Graviton 3, Apple M2 and Qualcomm 8cx 3rd gen: a URL parsing
benchmark
 
Author : ibobev
Score  : 78 points
Date   : 2023-05-03 19:31 UTC (3 hours ago)
 
web link (lemire.me)
w3m dump (lemire.me)
 
| joseph_grobbles wrote:
| [dead]
 
| jeffbee wrote:
| To me it would be somewhat more interesting to compare head-to-
| head mobile CPUs instead of comparing laptops and servers. In
| this particular microbenchmark, mobile 12th and 13th-generation
| Core performance cores, and even the efficiency cores on the 13th
| generation, are faster than the M2.
 
  | scns wrote:
  | Even when they are faster, the M2 is on the same die as the RAM
  | and the bandwidth and latency are way better. That matters for
  | compilation or am i mistaken?
 
    | jeffbee wrote:
    | You are mistaken. Just like everyone else who has ever
    | repeated the myth that Apple puts large-scale, high-
    | performance logic and high density DRAM on the same die,
    | which is impossible.
    | 
    | Apple uses LPDDR4 modules soldered to a PCB, sourced from the
    | same Korean company that everyone else uses. Intel has used
    | the exact same architecture since Cannon Lake, in 2018.
 
      | wtallis wrote:
      | Cannon Lake is a weird red herring to bring in to the
      | discussion, because it was only a real product in the
      | narrowest sense possible. It may have technically been the
      | first CPU Intel shipped with LPDDR4 support (or was it one
      | of their Atom-based chips?), but the exact generation of
      | LPDDR isn't really relevant because both Apple and Intel
      | have supported multiple generations of LPDDR over the years
      | and both have moved past 4 and 4x to 5 now.
      | 
      | What is somewhat relevant as the source of confusion here
      | is that Apple puts the DRAM on the same _package_ as the
      | processor rather than on the motherboard nearby like is
      | almost always done for x86 systems that use LPDDR. (But
      | there 's at least one upcoming Intel system that's been
      | announced as putting the processor and LPDDR on a shared
      | module that is itself then soldered to the motherboard.)
      | That packaging detail probably doesn't matter much for the
      | entry-level Apple chips that use the same memory bus width
      | as x86 processors, but may be more important for the high-
      | end parts with GPU-like wide memory busses.
 
      | ricw wrote:
      | I don't think that is true.
      | 
      | Last I checked apple M1 max chips have up to 800GB/s
      | throughput, whilst AMDs high end chips taper out at around
      | ~250GB/s or so, closer to what a standard M2 chip does (not
      | max, or pro version). at the top end they've got at least
      | 2x the memory bandwidth than other CPU vendors, and that's
      | likely the case further down too.
 
        | wmf wrote:
        | The Mx Max should be compared to a discrete CPU+GPU
        | combination that does have comparable total memory
        | bandwidth.
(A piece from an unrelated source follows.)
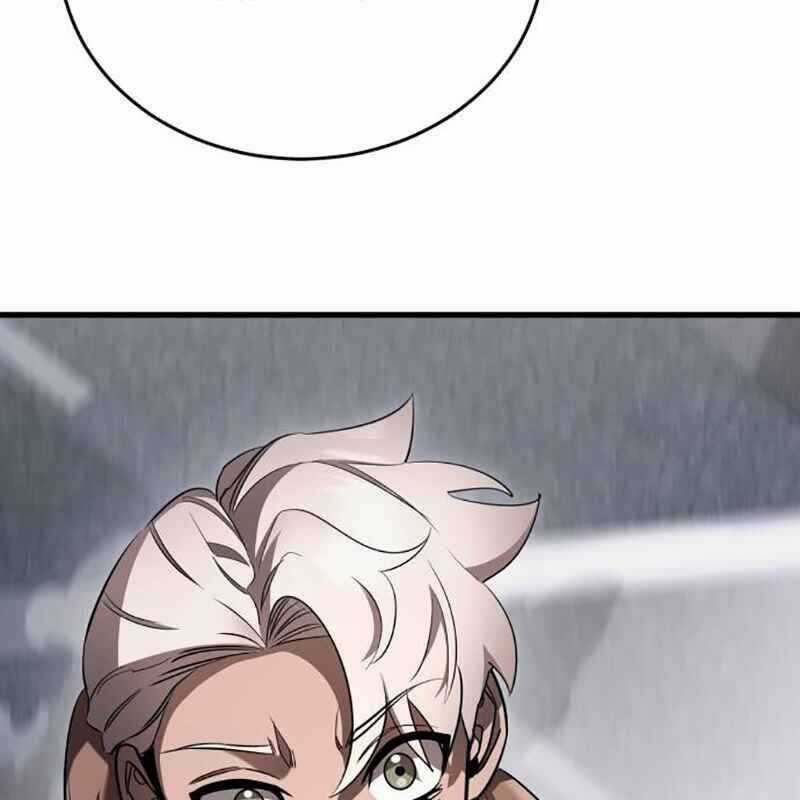 Thiên Ma Tái Lâm Chapter 26 trang 70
It isn't automatically better to put
        | everything on one chip.
 
      | scns wrote:
      | Thank you for the correction then. Ah yes the soldered
      | LPDDR4 dies allow higher bandwiths since more pins allow
      | parallel access.
 
  | Dalewyn wrote:
  | Intel 12th and 13th gen both use the same efficiency cores.
 
    | jeffbee wrote:
    | Well, on the ones I happen to have on hand the 12th gen hits
    | 3300MHz and the 13th gen goes all the way to 4200MHz.
 
      | Dalewyn wrote:
      | Yeah well, the efficiency cores on a 12900K will be faster
      | than those on an N100, so what is your point?
      | 
      | We're discussing overall compute power differences between
      | CPU architectures, minute differences in performance
      | between identical-architecture CPU cores stemming from
      | higher clock speeds is outside the scope of this
      | discussion.
 
| smoldesu wrote:
| > Note that you cannot blindly correct for frequency in this
| manner because it is not physically possible to just change the
| frequency as I did
| 
| They're also not the same core architecture? Comparing ARM chips
| that conform to the same spec won't necessarily scale the same
| across frequencies. Even if all of these CPUs did have scaling
| clock speeds, their core logic is not the same. Hell, even the
| Firestorm and Icestorm cores on the M1 SOC shouldn't be
| considered directly comparable if you scale the clock speeds.
 
  | [deleted]
 
  | wmf wrote:
  | That's the point. He knows they're different architectures
  | (although X1 and V1 are related) so normalizing frequency
  | exposes the architectural differences.
 
| psanford wrote:
| It looks like there's been some good progress on getting Linux
| running natively on the Windows Dev Kit 2023 hardware[0]. There
| was a previous discussion here about this hardware back in
| 2022-11[1].
| 
| [0]: https://github.com/linux-surface/surface-pro-x/issues/43
| 
| [1]: https://news.ycombinator.com/item?id=33418044
 
| bushbaba wrote:
| Seems weird to compare the c7g.large vs m2 and not the largest VM
| sizes.
 
| Thaxll wrote:
| I think the performance of my oracle free instance ( arm cpu ) is
| 10x worse than those results.
 
  | dylan604 wrote:
  | my oracle free instance uses mariadb instead of mysql, but i'm
  | guessing you meant that as the free instance provided by oracle
  | instead of an instance not using anything from oracle. =)
 
    | Thaxll wrote:
    | Yes I'm talking about: https://docs.oracle.com/en-
    | us/iaas/Content/FreeTier/freetier...
    | 
    | Ampere A1 Compute instances
 
| [deleted]
 
| seiferteric wrote:
| Not that it's for sure, but M3 is probably coming out late this
| year/early next year and will be on 3nm, so once again having a
| huge node advantage. Just seems like Apple will have the latest
| node before everyone else for the foreseeable future.
 
  | webaholic wrote:
  | Apple pays a premium to TSMC to reserve the early runs on the
  | next gen nodes. They can do this because they can charge their
  | users a premium for Apple devices. I am not sure the rest of
  | the players have that much pricing power or margins.
 
| monocasa wrote:
| Part of what they don't mention is that Graviton 3 and the
| Snapdragon 8cx Gen 3 have pretty much the same processor core.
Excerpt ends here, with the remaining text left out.